Problem to solve:
Lines from the one containing "-洱火云南酸菜牛肉火锅(石景山当代商城店)" through the end of the listing are what is wanted, given again exactly with both ends included and pictures left out.

Input material:
################

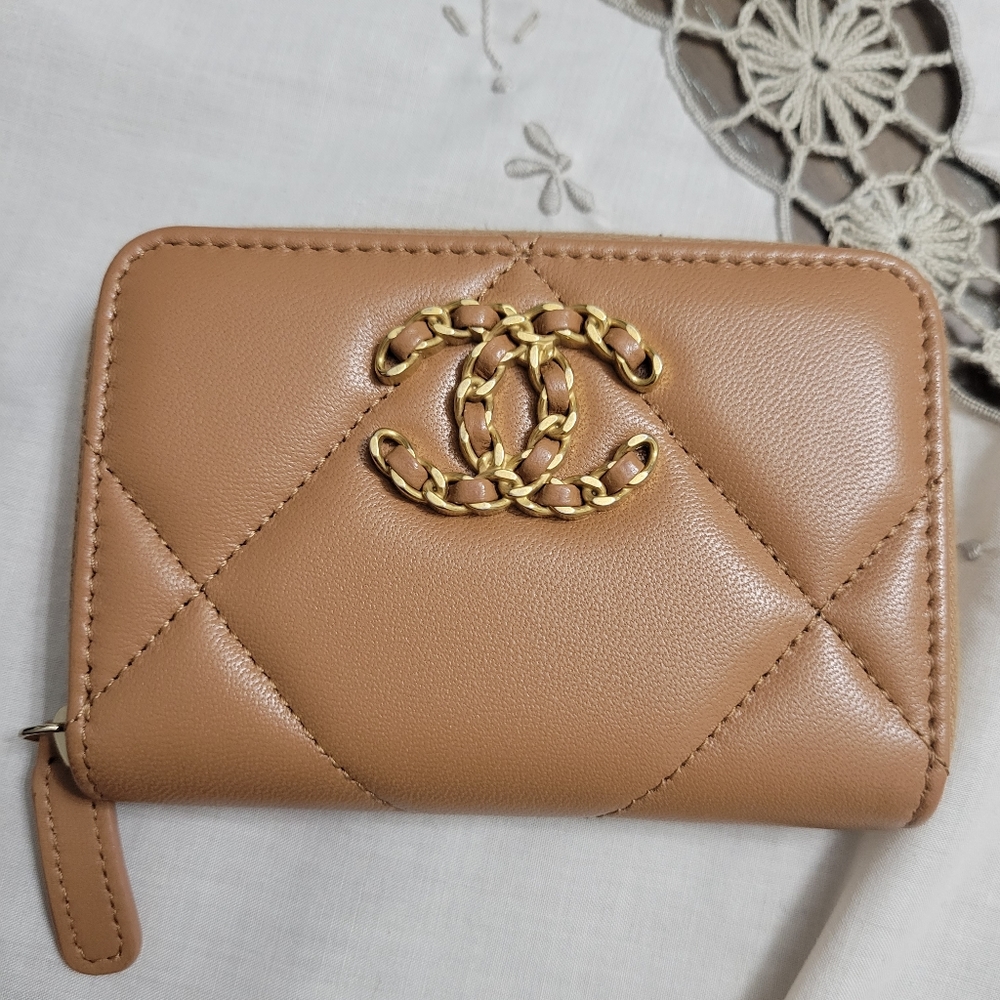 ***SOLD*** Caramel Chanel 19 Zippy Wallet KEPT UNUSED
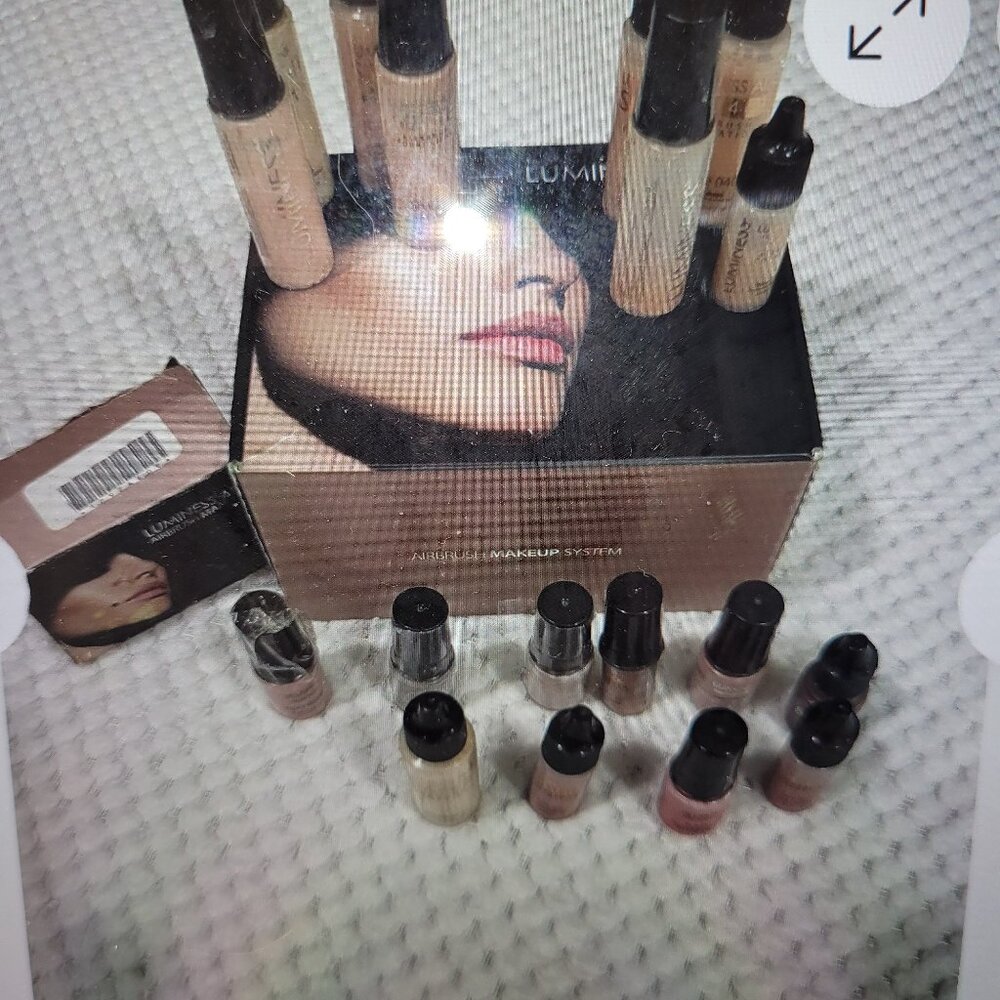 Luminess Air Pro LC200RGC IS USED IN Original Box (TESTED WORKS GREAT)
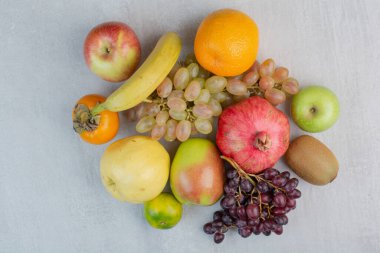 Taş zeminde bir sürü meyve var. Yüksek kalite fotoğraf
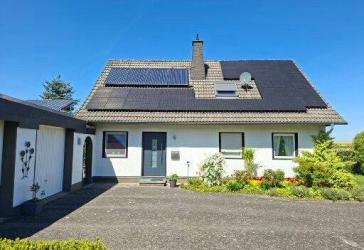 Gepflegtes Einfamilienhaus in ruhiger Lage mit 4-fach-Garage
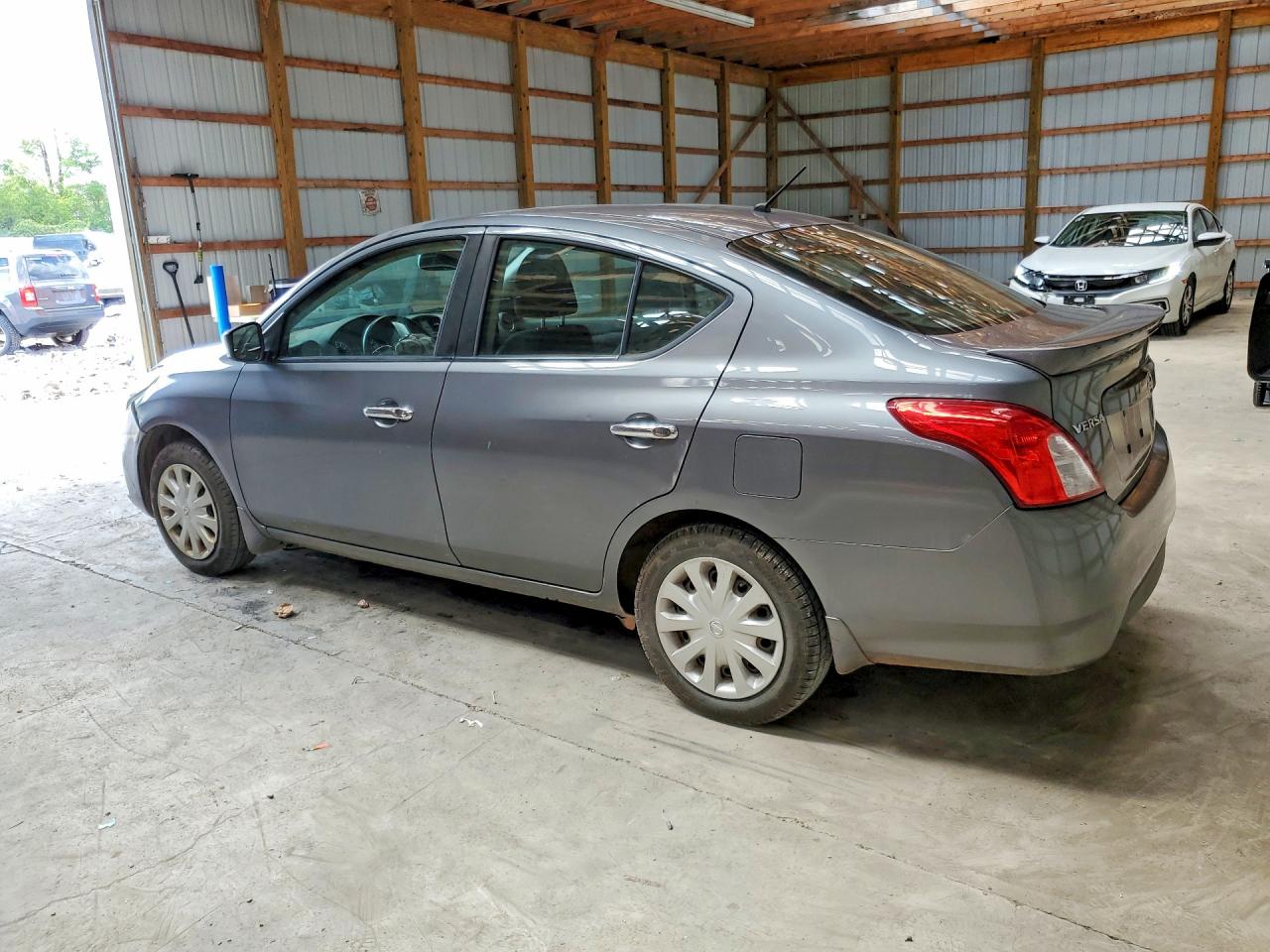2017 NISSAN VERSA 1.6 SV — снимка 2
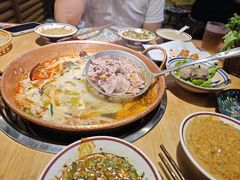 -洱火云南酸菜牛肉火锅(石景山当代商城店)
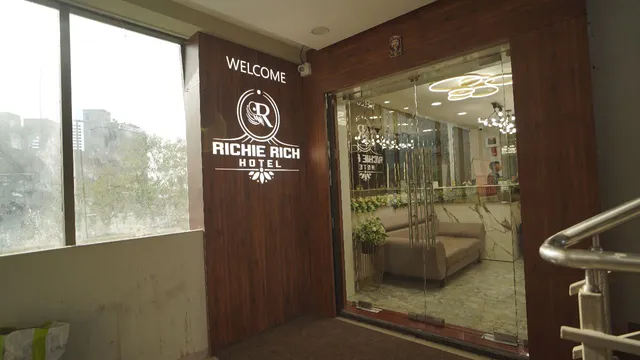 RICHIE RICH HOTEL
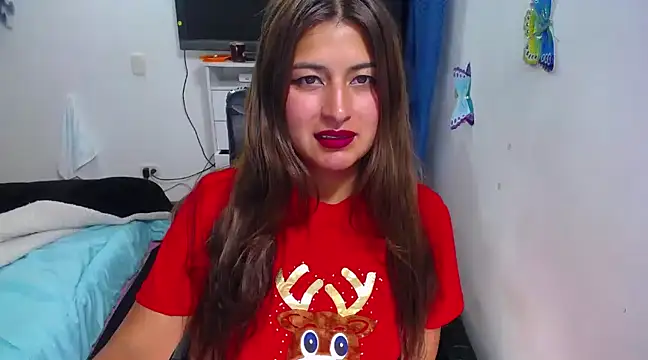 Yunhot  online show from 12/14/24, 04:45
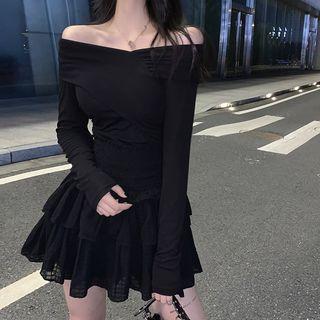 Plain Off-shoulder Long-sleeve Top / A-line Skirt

################

Exercise response:
 -洱火云南酸菜牛肉火锅(石景山当代商城店)
 RICHIE RICH HOTEL
 Yunhot  online show from 12/14/24, 04:45
 Plain Off-shoulder Long-sleeve Top / A-line Skirt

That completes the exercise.